Areeba REHMAN - Fretbay est une entreprise écologique puisque nous avons économisé 800 000 tonnes de CO2. Avec MyBoxMan, l’idée n’est pas de demander aux particuliers qui veulent uniquement aller livrer des colis de prendre leur voiture, leur vélo ou de se déplacer à pied pour faire spécialement ce trajet mais d’optimiser leur itinéraire quotidien. Cela signifie que dans tous les cas le trajet va être effectué. Le concept est donc plus d’éviter que les autres transporteurs fassent spécialement ce trajet afin de permettre aux particuliers de rentabiliser les frais de leur trajet quotidien.

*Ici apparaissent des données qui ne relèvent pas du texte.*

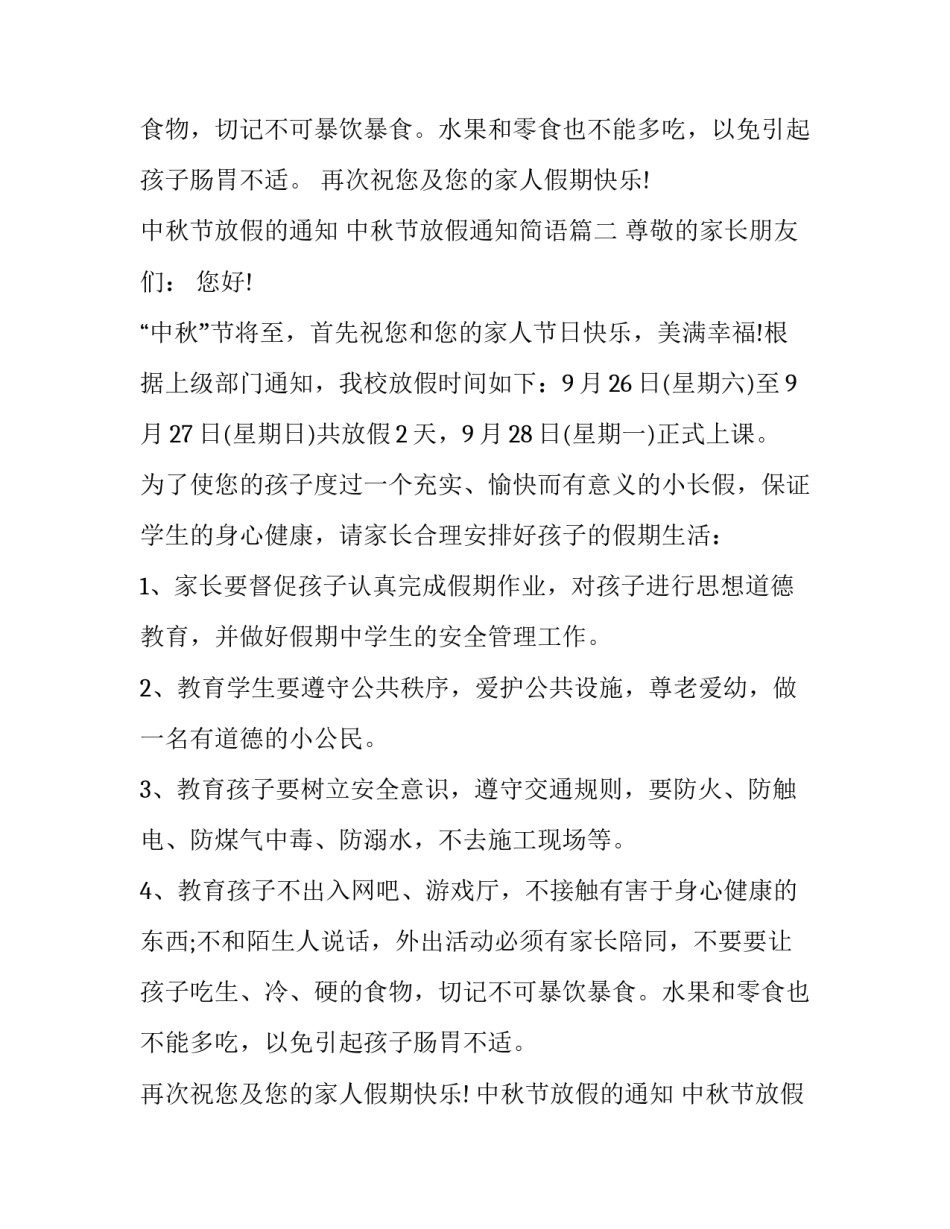 中秋节放假的通知 中秋节放假通知简语(8篇)_第2页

Poussez-vous vos partenaires à s’équiper en camion électrique ou autres solutions de ce genre ?
Areeba REHMAN - Non pas du tout. Pour être honnête, je n’y crois pas trop à la solution camion électrique pour deux raisons :
1. Je pense qu’un trajet Paris-Nice, ou autre long trajet, avec un camion électrique va être compliqué à réaliser notamment au niveau des problématiques de batteries, de charges, etc.
2. Pour les sociétés avec lesquelles nous travaillons, c’est-à-dire des PME, TPE, etc. cela représente des coûts supplémentaires. Un camion électrique coûte encore très cher pour ce genre de structure.

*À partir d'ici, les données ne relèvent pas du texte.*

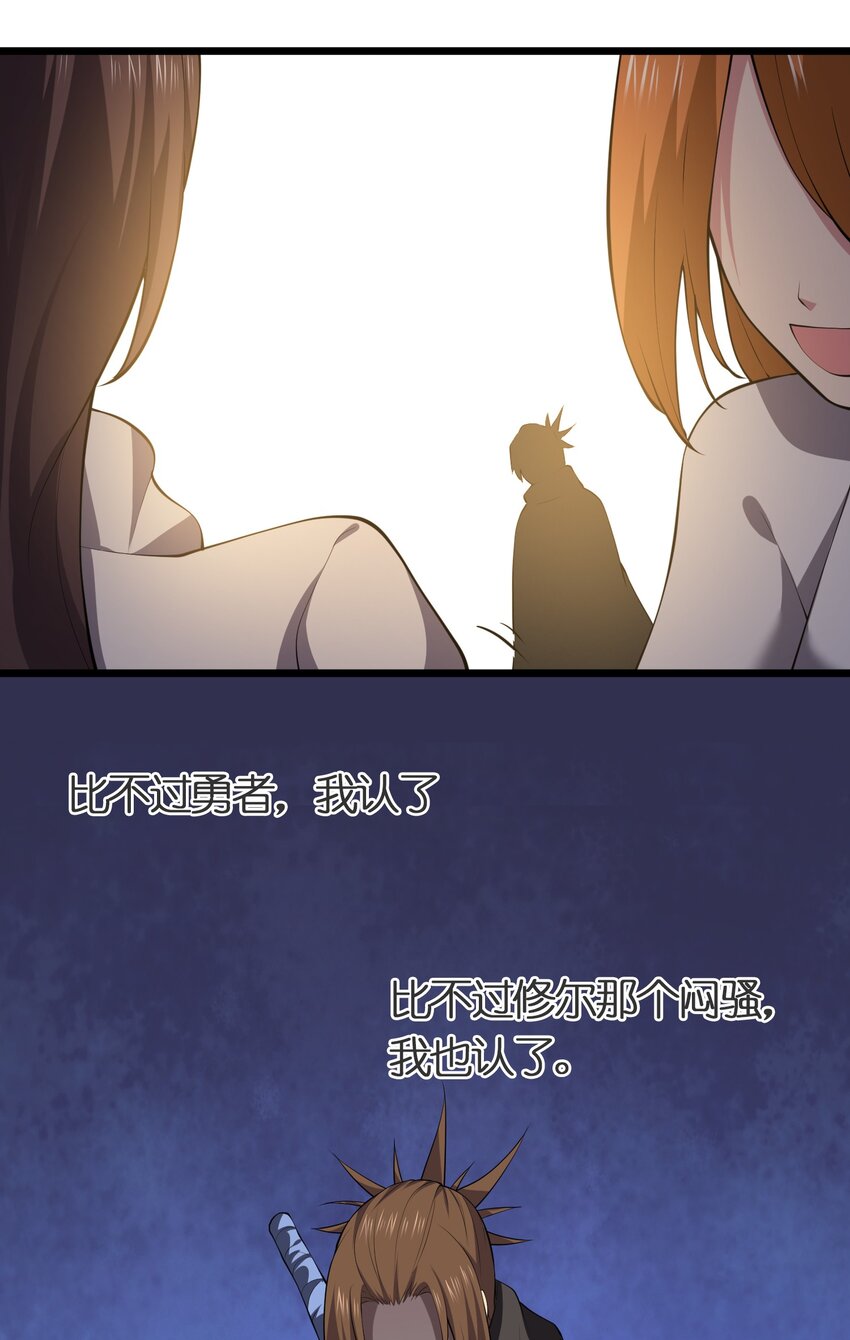 022 人不如猫29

Frédéric KLOTZ, vous qui accompagnez des TPE, PME pour développer leur logistique, mieux la concevoir : combien ça coûte à celles-ci de développer leur segment logistique et éventuellement de faire un effort environnemental ?
Frédéric KLOTZ - La question est assez vaste puisque tout va dépendre du cas de chacun. Je dirai que très souvent aujourd’hui ce sont les outils, la puissance du système d’information qui vont faire que les process logistiques vont être bien rodés. C’est également cet apport du digital, pour revenir sur les problématiques de mutualisation, qui finalement va faire toute la différence et permettre de gagner du carbone, de respecter un peu plus l’environnement. Grâce au digital nous allons être en mesure de pouvoir regrouper chaque espace disponible, chaque boîte aux lettres, chaque coffre et de mutualiser tous les déplacements pour arriver à faire de chacun un transporteur.

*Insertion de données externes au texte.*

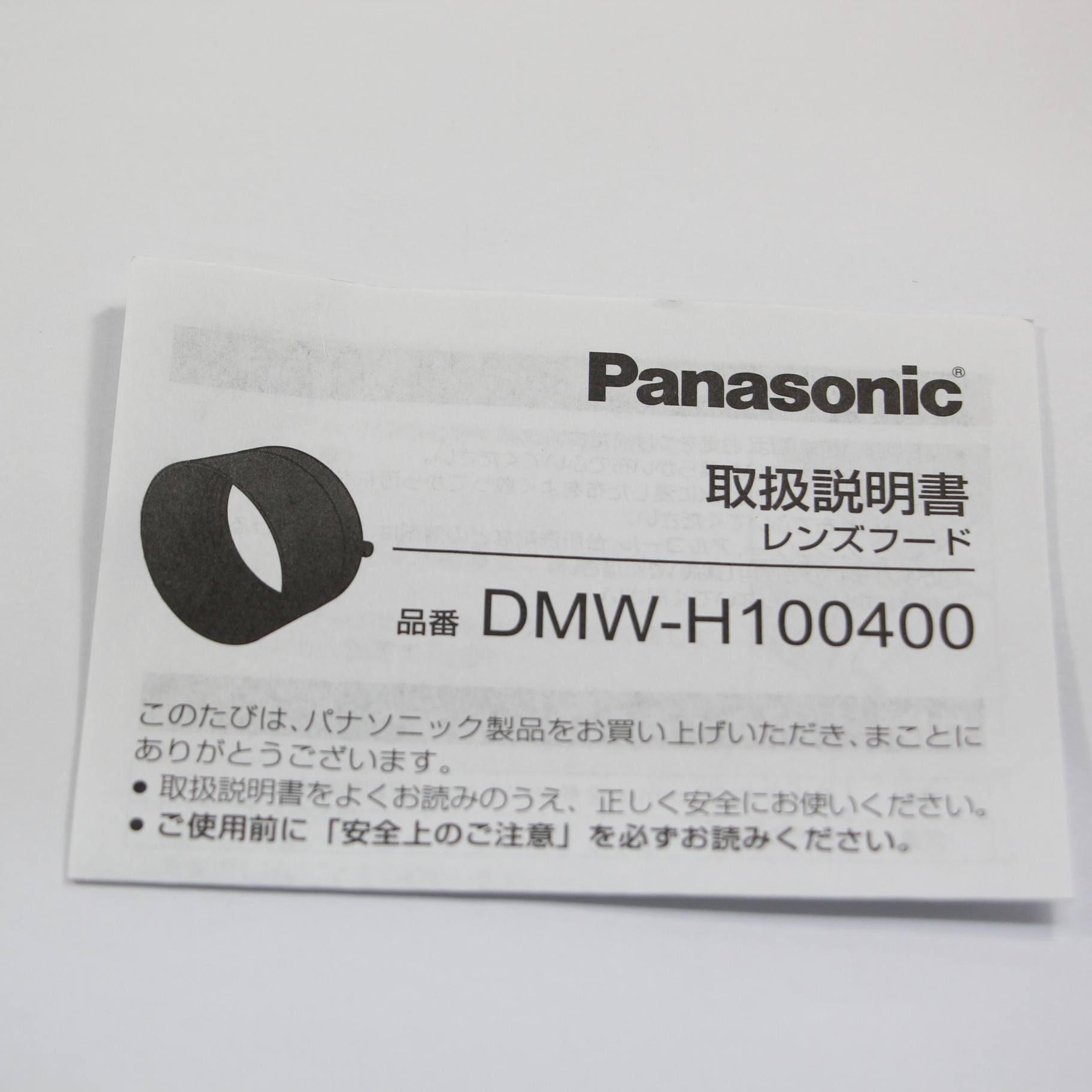 中古】DMW-H100400 [2133031875366] - リコレ！|ビックカメラグループ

Quels sont les freins (notamment règlementaires) à ces innovations ?
Areeba REHMAN - Je me suis faite bien assistée. On ne peut pas faire n’importe quoi mais quand on innove tout n’est pas déjà présent dans les textes. J’ai eu l’opportunité de déjeuner avec Monsieur le Président François Hollande, qui avait réuni 12 femmes entrepreneurs françaises autour de la table. Lors de ce déjeuner il était à l’écoute et vraiment là pour dire « par rapport à l’innovation et par rapport à ce que vous mettez en place qu’est-ce que nous pouvons changer ? ». Aujourd’hui Jean-David CHAMBOREDON l’a bien dit, il y a l’économie collaborative qui arrive donc il y a des nouveaux textes, des nouveaux décrets qui sont en train de sortir. En effet, nous avons vu le rapport Terrasse qui est sorti hier. Par rapport à la réglementation, ce que j’ai envie de dire c’est que nous pouvons continuer à innover nous avons la chance d’être écouté. Emmanuel Macron a bien compris ce qu’est l’économie collaborative et va plutôt dans ce sens-là. Il demande d’être transparent, chose que les plateformes ont bien compris comme nous pouvons le voir avec Blablacar ou encore AirBnB. Quant au développement en Europe c’est possible, on s’y retrouve dans les réglementations européennes. Certes, il y a certaines choses à respecter mais l’idée est tout à fait envisageable et facile à réaliser.
Sur le plan réglementaire comme il s’agit de particulier effectuant les colis : à quoi le particulier s’engage lorsqu’il livre un colis ? Comment vous sécurisez ? Comment la réglementation est impactée ?
Areeba REHMAN - Concernant la réglementation pour MyBoxMan, il s’agit de particuliers que nous avons recruté et formé, nous travaillons en partenariat avec une compagnie d’assurance afin d’assurer les colis et le livreur.